# Prong collar yes or no?



## Kdrew2010 (Feb 12, 2016)

I have a 9 month old female German Shepard. She is highly leash reactive and I've been working with her a lot but it's not doing too much of a good job. Her trainer and I are having schedule problems so she's never free when I am or vice versa. I was recently given a prong collar from a friend. He told me he's big on them and thinks they work great. My trainer is HIGHLY against them she thinks they are hurtful to a dog. I don't know much about them some articles are yes to it some are no. So I was curious if anyone had any good stories where the prong collar was a good idea and corrected a problem you were having.

Or if anyone has any leash reactive suggestions I'm all for trying anything!


----------



## Nigel (Jul 10, 2012)

Nothing wrong with the proper use of a prong collar, however it may not be the right application in your case. You might try consulting a different trainer, one that is well versed in gsds and does not have a bias with the use of prong collars.


----------



## Steve Strom (Oct 26, 2013)

I'm not saying this is you, but I'm not going to try and tell someone who's firmly against correcting a dog, that they have to correct their dog. Usually its going to make things worse because they're going to be too emotional about it or they've been listening to someone who say's they're a trainer and the can show you better, more compassionate ways to do something. 

I'd say take the prong to someone better, and learn how easy and less stressful things can be when your dog behaves the way you want her to.


----------



## Chip18 (Jan 11, 2014)

Uh well I use a Slip Lead Leash myself and that's what I advocate.  Having said that ... sorry not impressed with your trainer. 

Trainers do have a there preference in tools but a skilled trainers is not out there bad mouthing real tools! 

But as to your questions have a look here, I started with SLL but the "Prongs" were being brought up so there is also information on where to go to find out how to use one "properly." 

Slip Lead leash - Boxer Forum : Boxer Breed Dog Forums

And the other dogs on walks things lots of info here:
Teach your Dog to ignore other dogs.  - Boxer Forum : Boxer Breed Dog Forums

As always ask questions and welcome aboard.


----------



## LuckyMe2G (Nov 19, 2015)

Our trainer isn't against any specific tool. They're just tools - and each has their own application. 

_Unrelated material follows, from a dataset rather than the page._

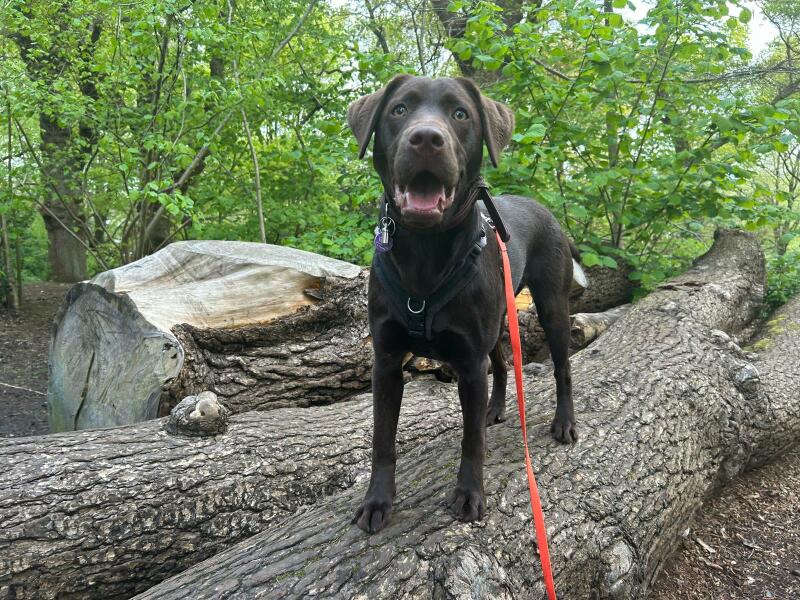 Any owners to share pros and cons of fox red Lab and King Charles spaniel?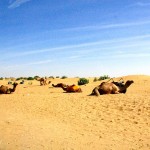 Thar Desert Camel Rides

I am a dog newbie though, so I wouldn't feel comfortable using a prong collar without someone who knows what they're doing to show me how to fit it properly, etc.


----------



## Solo93 (Feb 16, 2016)

NO, they don't hurt the dog. In the right situation they will solve problems almost instantly, but like any tool it does not exist in a vacuum. If you don't have the rest of the situation set up correctly, using a prong isn't going to magically make a difference. I agree with folks who said, find a trainer who actually knows how to use the prong....someone who's afraid of it 100% doesn't understand how it works at all.


----------



## voodoolamb (Jun 21, 2015)

Using a prong on a "highly reactive" dog without the guidance of a very experienced trainer well versed in aggressive behavior, training theory, and correct use of the prong is a recipe for disaster.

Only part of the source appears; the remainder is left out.